WHAT THIS TASK INVOLVES: Starting at the line below with "Tcyeek 100% Real" and stopping at the line with "21 Who is considered unemployed.", please print each line exactly, those two included, and skip every picture.
[DATASET ENTRIES Boundary: Start]
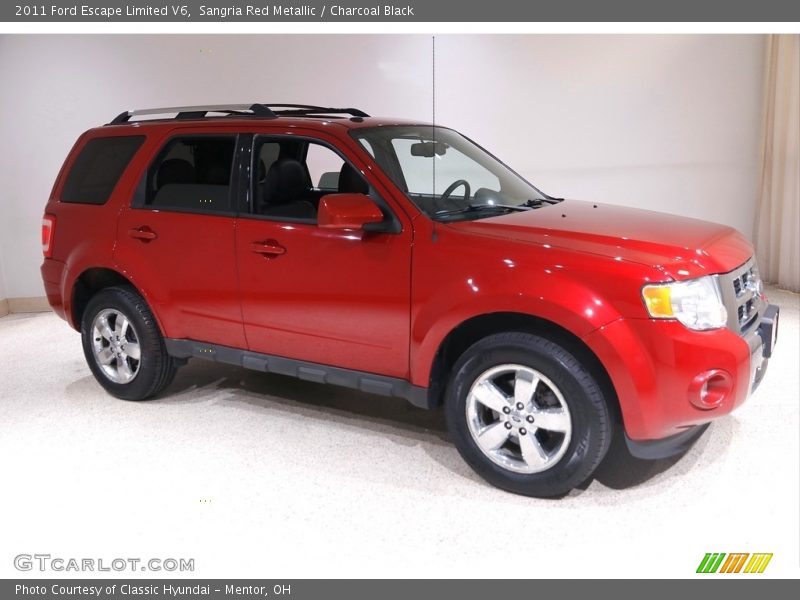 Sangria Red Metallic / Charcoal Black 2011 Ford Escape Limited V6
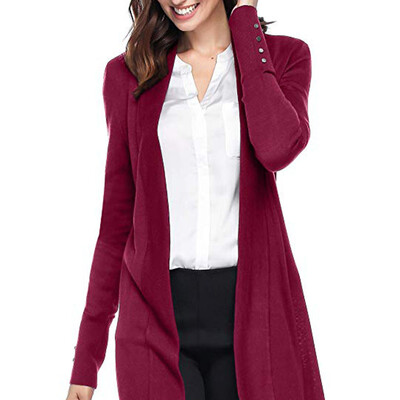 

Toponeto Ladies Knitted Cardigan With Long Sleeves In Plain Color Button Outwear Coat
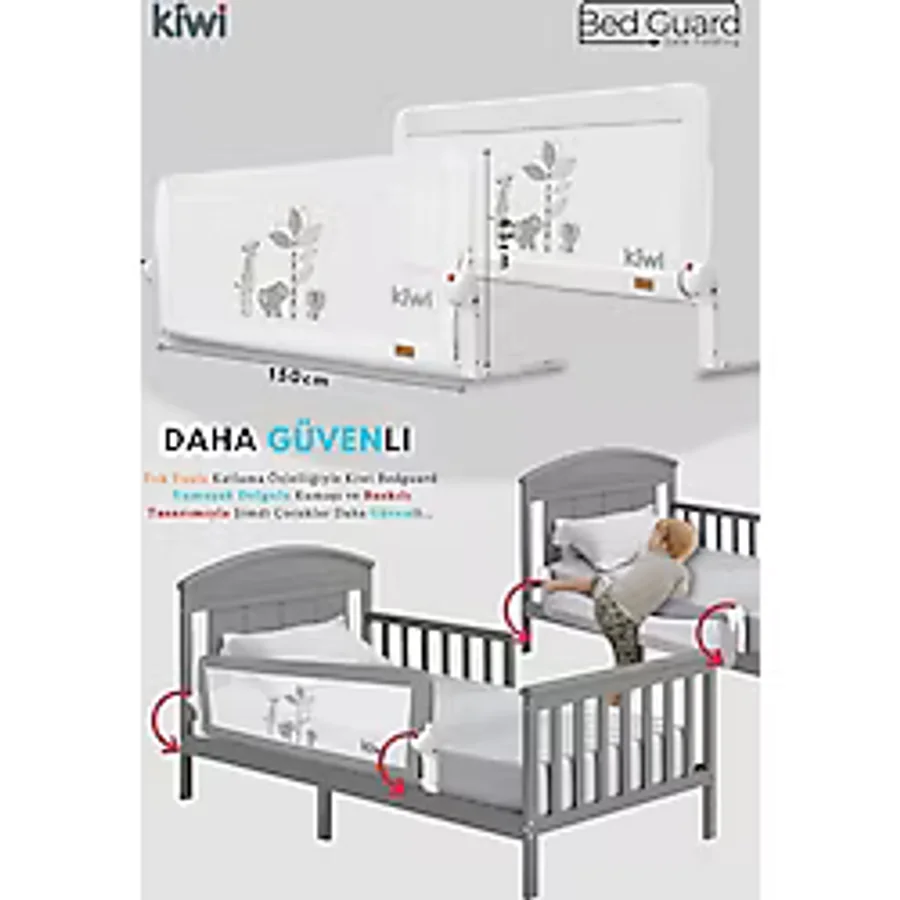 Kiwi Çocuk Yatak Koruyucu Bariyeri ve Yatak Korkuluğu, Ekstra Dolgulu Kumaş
[DATASET ENTRIES Boundary: End]
[DATASET ENTRIES Boundary: Start]
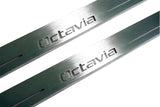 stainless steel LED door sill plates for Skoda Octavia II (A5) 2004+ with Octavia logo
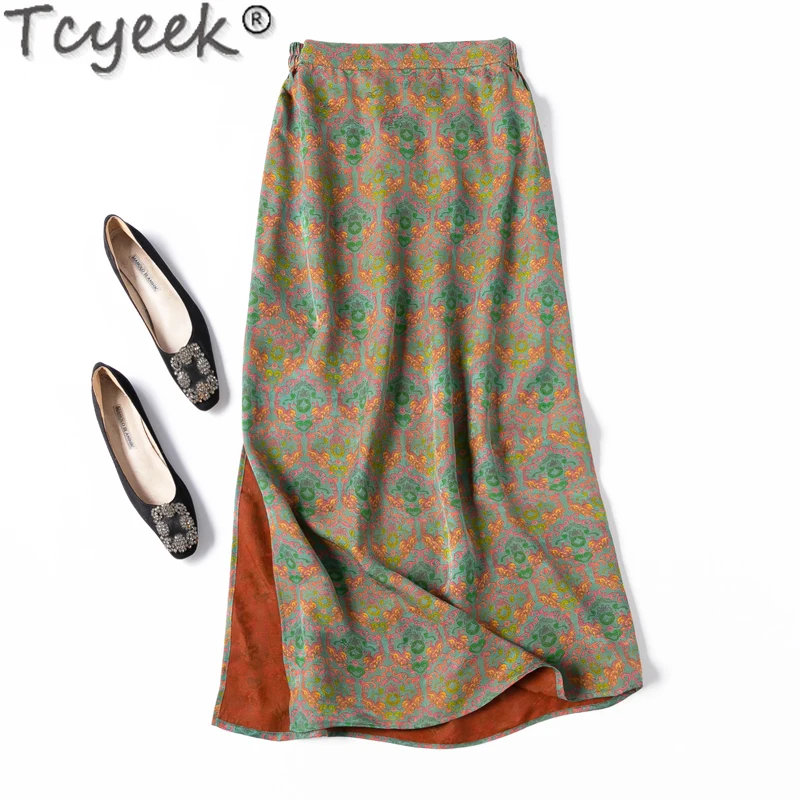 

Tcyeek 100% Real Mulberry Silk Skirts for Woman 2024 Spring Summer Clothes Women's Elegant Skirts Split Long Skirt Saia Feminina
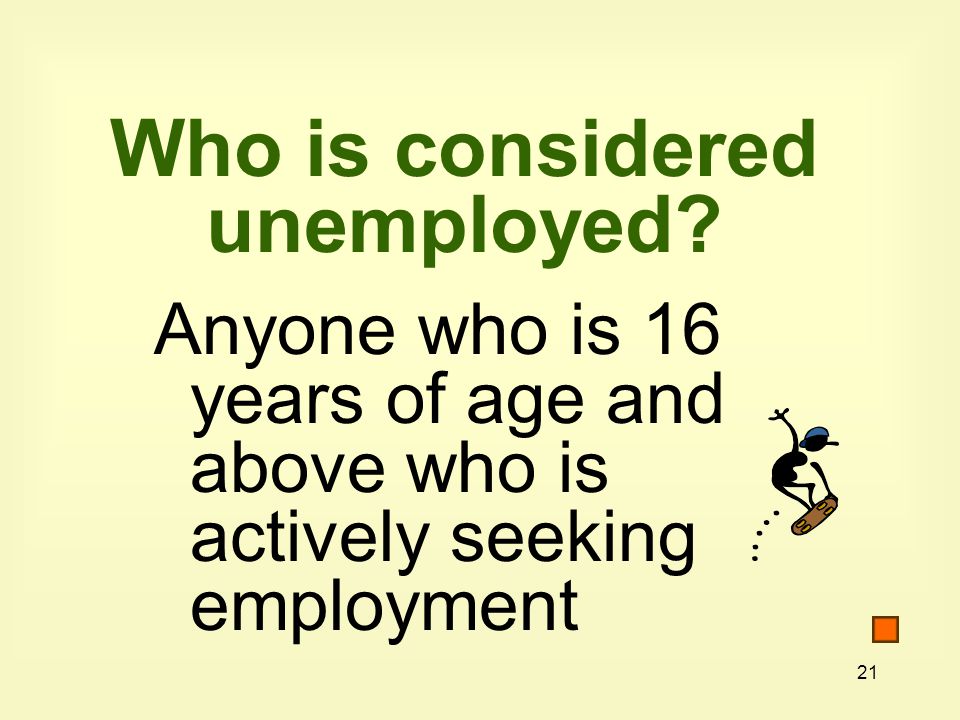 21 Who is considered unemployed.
[DATASET ENTRIES Boundary: End]
WRITTEN RESPONSE:
Tcyeek 100% Real Mulberry Silk Skirts for Woman 2024 Spring Summer Clothes Women's Elegant Skirts Split Long Skirt Saia Feminina
 21 Who is considered unemployed.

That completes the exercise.